La voie n’agit jamais par elle-même
Tout se fait par elle
Tout est activité
Toute chose se meut d’elle-même
Sous le ciel des mortels

La simplicité sans nom maintient
Sans désir sans volonté propre
Elle est tranquillité
Elle se termine en quiétude

La vertu est sans vertu
La vertu n’agit pas
La vertu est amour
La vertu est politesse exquise

Pour la vertu on retrousse ses manches
Même si on ne comprend pas le sens de ces paroles
Le rite est politesse et impolitesse
Le rite est l’écorce du désespoir

Lao 27

Le symbole est une image
Les mots manquent pour en parler
L’éléphante est sage
Pour qui ne la suit pas de près

Les paroles de la voie
Sont sans goût ni saveur
Tu regardes le symbole sans le voir
D’autant plus qu’inépuisable
Il te dépasse de toutes parts

Il faut ouvrir ce qui est fermé
Il faut consolider le fragile
Il faut d’abord favoriser
Ce qu’il faut détruire

Il faut d’abord se dispenser
De ce qui est à saisir d’urgence
Le souple est plus fort que le raide
Le poisson véritable demeure en eau profonde

Lao 26

A l’arrêt plus guère de péril
La voie est comme le fleuve à la mer
Rien ne la surpasse
D’elle descend une douce rosée

Pour connaître les autres il faut se connaître soi-même
Il faut être robuste sans abuser de la puissance
Qui est content est riche
Dans le pire des cas il n’est pas pauvre

Il faut franchir la mort sans périr
Pour connaître la longévité
Ne perdons pas nos repères habituels
La mort n’est que la fin de la vie

La voie se répand Chacun dépend d’elle pour vivre
Elle nourrit et vêt tout le monde
Elle n’asservit personne Dans l’oubli de sa grandeur
Sa grandeur se parachève

Lao 25

Qui veut s’emparer du monde se détruit lui-même
Les uns ouvrent la marche d’autres sont vigoureux
A moins que ce ne soit les mêmes
Le sage évite toutes extravagance

Le bon gouvernement se maintient dans la voie
Il sait que les armes appellent la riposte
Que la ronce pousse là où stationnent les armées
Que la disette couronne les combats

Les humains de bien se défendent sans plus
Ne conquièrent rien par la violence
Ne désirent pas dominer
Qui s’accroît est en déclin

Les armes sont les outils du malheur
Parfois la nécessité les impose
Quand on se réjouit de massacrer des humains
Est-on encore humain ?

La voie est éternelle et sans nom
Petite dans sa simplicité
Les noms sont nés
Il est temps de s’arrêter

Eso 48

Un lion par mégarde se laissa enfermer dans une étable
Quand il voulut sortir on l’enferma
Pour passer le temps il commença par manger un boeuf
On ouvrit la porte

Un jeune homme bien fait mais très pauvre
Et de ce fait mal habillé osa demander la main
D’une belle demoiselle Le père lui prêta
De riches vêtements Il fut ridicule dedans

Un vieux lion malade demanda à son familier le renard
De lui amener le cerf qu’il voulait dévorer
Le renard dit au cerf que le lion voulait le faire roi
Le cerf se présenta le lion le dévora le renard s’empara du coeur
« Seul un animal sans coeur peut faire ce que le cerf a fait »

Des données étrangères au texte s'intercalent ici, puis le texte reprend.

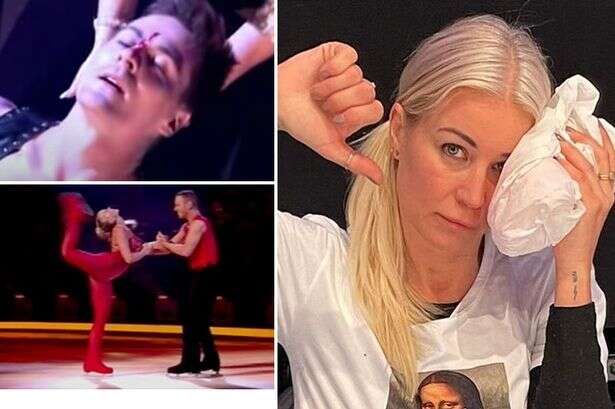 Dancing on Ice's most gruesome injuries from eye sliced open to chin being cut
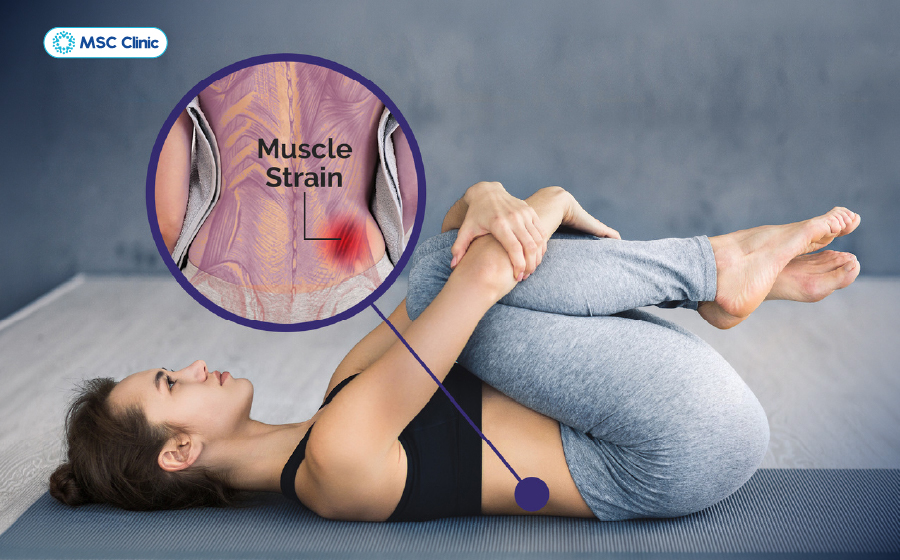 Các bài tập phục hồi căng cơ lưng giúp cải thiện sự linh hoạt và giảm nguy cơ tái phát Các bài tập phục hồi căng cơ lưng giúp cải thiện sự linh hoạt và giảm nguy cơ tái phát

Un tigre et un ours débusquèrent un faon
Ils se battirent à mort
Un renard qui passait déroba le faon
« Nous nous sommes tant battus pour un renard »

Eso 47

Un lièvre demanda à un renard
D’où venait son surnom de rusé
Le renard répondit : « Viens chez moi
Je t’expliquerai  »

Une mouette avala un trop gros poisson
Un aigle qui passait par là :
« Et pourtant tu es un oiseau de mer
Laisse-moi ton poisson va ! »

Un renard familier se permit
De reprocher à la lionne
D’avoir fait un seul petit
« Un seul, oui, mais un lion »

Un lion devenu roi convoqua la vaste assemblée de ses sujets
Le tigre et le loup, d’autres seigneurs paradaient
Les lièvres et les grenouilles se félicitèrent :
« Au moins aujourd’hui nous paraissons puissants »

Eso 46

Un jeune chien de chasse voyant un lion
Le poursuivit Le lion se retourna et rugit
Le chien tout tremblant rebroussa chemin
« Je n’ai même pas pu supporter son rugissement »

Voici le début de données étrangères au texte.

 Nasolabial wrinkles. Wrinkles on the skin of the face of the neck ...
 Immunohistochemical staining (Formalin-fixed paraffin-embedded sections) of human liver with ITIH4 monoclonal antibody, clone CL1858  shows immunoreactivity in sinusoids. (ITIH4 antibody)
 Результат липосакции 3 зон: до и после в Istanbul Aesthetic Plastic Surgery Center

Un moustique défia un lion le piqua sous la moustache
Le lion se déchira de ses propres griffes
Le moustique claironna sa victoire
Fut bientôt pris dans une toile d’araignée

Un moucheron agile se posa sur la corne d’un taureau
Il demanda à la grosse bête si elle désirait qu’il s’en aille
« Je ne te sens pas quand tu es là
Je ne sentirai pas non plus ton départ »

Les lièvres se mirent en tête de combattre les aigles
Ils demandèrent l’aide des renards
Ceux-ci refusèrent à peine aimables
« Nous savons trop qui vous êtes et qui vous combattez »

Des lièvres craintifs se jetèrent à l’eau
Ils effrayèrent ainsi les grenouilles
« Quoi ! Il y a donc plus malheureux
Et plus peureux que nous  »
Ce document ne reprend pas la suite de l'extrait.